Referendum per un Veneto a Statuto speciale

Anche perché l’aver indetto un referendum sull’indipendenza del Veneto, da parte del Consiglio regionale, non fu un atto estemporaneo, ma si colloca in piena continuità con la volontà autonomista che il Parlamento veneto ha espresso fin dai primissimi anni Novanta, in piena Prima Repubblica. La prima richiesta, approvata in Consiglio Regionale, di referendum per un Veneto a Statuto speciale, risale al 1992. Quasi trent’anni fa…

Era appoggiata dal Psi e dalla Dc veneti, e naturalmente avversata dal PDS e anche, è giusto dirlo, dai vertici nazionali di Dc e Psi, tanto che fu impugnata dal governo quando il premier si chiamava Giulio Andreotti.

1998, diritto all’autodeterminazione del popolo veneto

Nel 1998, poi, sull’onda del potente rilancio della “questione veneta“, anche in opposizione alla Padania leghista, che scaturì dall’impresa dei Serenissimi, il Consiglio regionale approvò la Mozione 42, anche questa firmata dall’avvocato Alessio Morosin, con la quale si affermava pari pari il diritto all’autodeterminazione del popolo veneto.

Alessio Morosin (Indipendenza Veneta)

Sempre nel 1998 e poi ancora nel 2000, il Consiglio regionale del Veneto approvò altre due richieste di referendum per maggiori autonomie. E ancora nel 2014, insieme con il referendum per l’indipendenza, fu approvata una consultazione che chiedeva che l’80 per cento del gettito fiscale rimanesse nel Veneto.

Il referendum del 2017 è quindi inserito in una richiesta di autonomia, e di autodeterminazione, da parte del Veneto, che ha assunto veste ufficiale, veste di legge regionale, da ben trent’anni.

La strategia di Luca Zaia

La strategia del pragmatico Luca Zaia è stata questa: invece di farci nuovamente bocciare una legge e ritrovarci al punto di partenza, troviamo un accordo, un compromesso, che ci faccia fare un passo avanti sulla strada di una concreta autonomia regionale.

Facciamo un passo indietro per farne uno in avanti, mettiamo per ora nel cassetto l’indipendenza e l’autodeterminazione, e vediamo se Roma ci dà almeno quello che prevede l’attuale Costituzione.

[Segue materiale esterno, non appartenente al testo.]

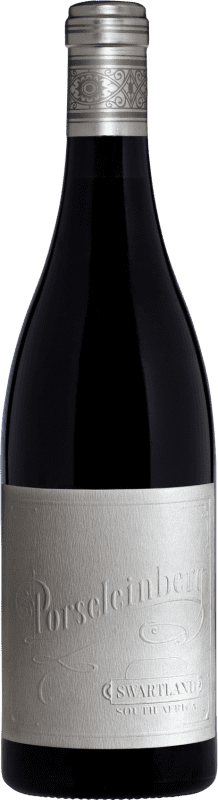 133,95 € Free Shipping | Red wine Porseleinberg W.O. Swartland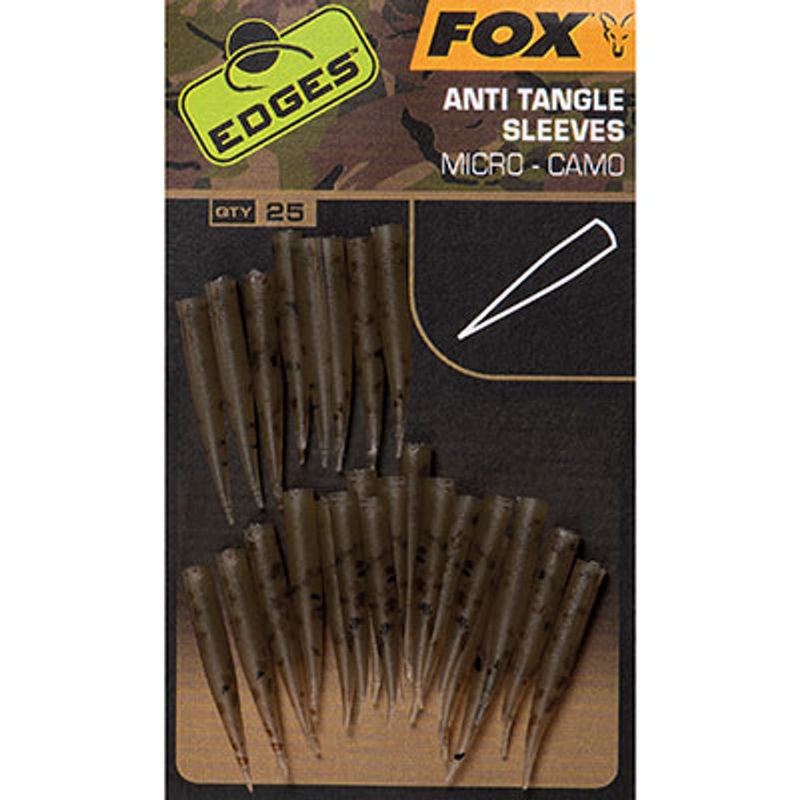 Fox Anti Tangle Sleeves Micro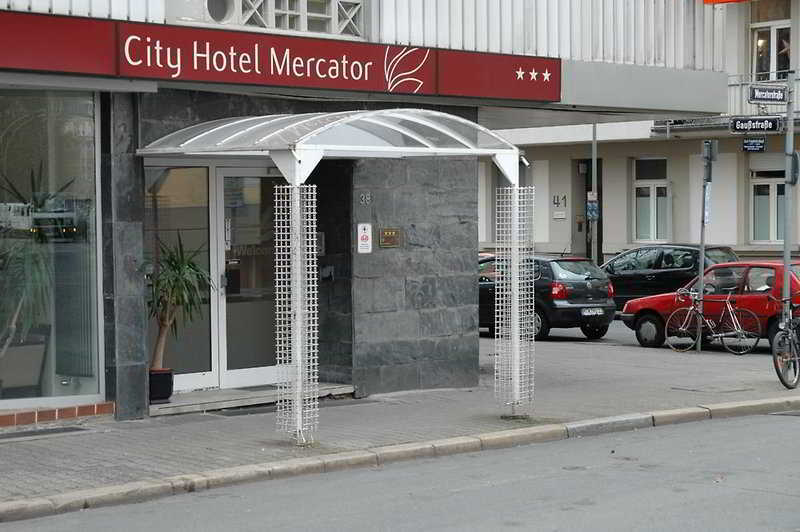 City Hotel Mercator Frankfurt am Main Exterior photo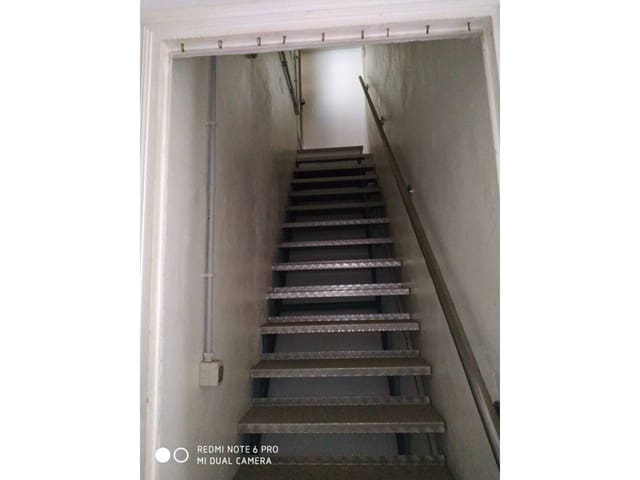 Kaupallinen myytävänä paikassa Lo Pagan, San Pedro del Pinatar - 105 000 € (Ref: 10032360)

Ebbene, no: al Veneto si vorrebbe rifiutare persino quanto è previsto nella Costituzione!

Il passo avanti di Zaia

La strategia di Zaia, tuttavia, un passo avanti lo ha fatto. Nessuna delle precedenti richieste autonomiste del Veneto era mai arrivata alla trattativa, a strappare impegni di governo, bozze di disegni di legge. Tutto era stato bocciato, sommariamente respinto e basta. Ora invece il tavolo è aperto, e qualcosa magari arriverà.

La nota al Dpef per l’autonomia

Il problema è quando arriverà, e quanta vera e visibile autonomia arriverà. Perché i numeri, in questo Parlamento, non ci sono.

E’ bastata, in questi giorni, la decisione di Draghi di inserire nella “Nota di aggiornamento al Dpef 2022”, tra i disegni di legge collegati al Dpef che il governo si impegna a varare, anche la legge quadro sull’autonomia differenziata.

Decine di parlamentari insorgono

Apriti cielo: decine di parlamentari, meridionali e non, sono insorti. E’ insorta la Cgil, sono insorti i Cinquestelle, sono insorti i Comitati “contro l’autonomia differenziata”, “contro la secessione dei ricchi“. I giornali del Sud e le testate di sinistra hanno addirittura parlato di “colpo di mano”, anche se l’impegno a varare quella legge era già nei Dpef da tre anni.

Draghi, com’è suo costume, non ha cambiato una virgola. Ma anche lui sa che i disegni di legge, prima o poi, han da passare in Parlamento. E se vogliono trovare i voti, di autonomia reale deve essercene poca, pochissima, quasi niente. Solo il titolo, possibilmente: come il famoso Federalismo Fiscale introdotto dal governo Andreotti, che di Federalismo non aveva neanche l’ombra.